With this in mind, Myrient makes the following disclosures:
Item 5. Other Events and Regulation FD Disclosure.
Settlement with former CEO and Vice-Chairman
As was previously disclosed, most recently in Part II, Item 1 and in the related Notes to the Company's Financial Statements in the Company's Form 10QSB (for the quarter ended February 28, 2003) filed May 30, 2003, the Company was a party to several lawsuits (the "Matter") involving Myrient, its former CEO and Vice-Chairman Toan V. Dinh ("Dinh") and various other parties (the parties to the Matter shall hereinafter be collectively referred to as the "Parties" and individually as a "Party").
On June 20, 2003, the Parties to the Matter executed a Settlement and Release Agreement ("Agreement").

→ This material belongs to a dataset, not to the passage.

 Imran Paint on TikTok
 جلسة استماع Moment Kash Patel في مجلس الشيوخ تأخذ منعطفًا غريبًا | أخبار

With respect to the Agreement, it is relevant that: (i) the Agreement provides for the dismissal, with prejudice, of all lawsuits, counter-claims and cross-claims related to the Matter, by and between the Parties to the Matter; (ii) the voluntary cancellation of approximately 3 million common shares and any and all stock options owned by a Party to the Matter; (iii) the cancellation of all outstanding promissory notes owed by Myrient in favor of a Party to the Matter; (iv) the assumption by a Party to the Matter (other than Myrient) of all responsibility to satisfy a judgment valued at more than USD $700,000.00**; and (v) the cancellation and reversal of all obligations (the principal amount of which was more than USD $1,370,000.00) owed by Myrient, and partially guaranteed by Mr. Turbow, Myrient's Pres ident, in favor of two Parties to the Matter.
The Company's upcoming quarterly statement shall reflect the effect of the Agreement.
** The aforementioned judgment liability and related accrued interest and expenses will not be canceled and reversed until after the judgment has been satisfied pursuant to the Agreement.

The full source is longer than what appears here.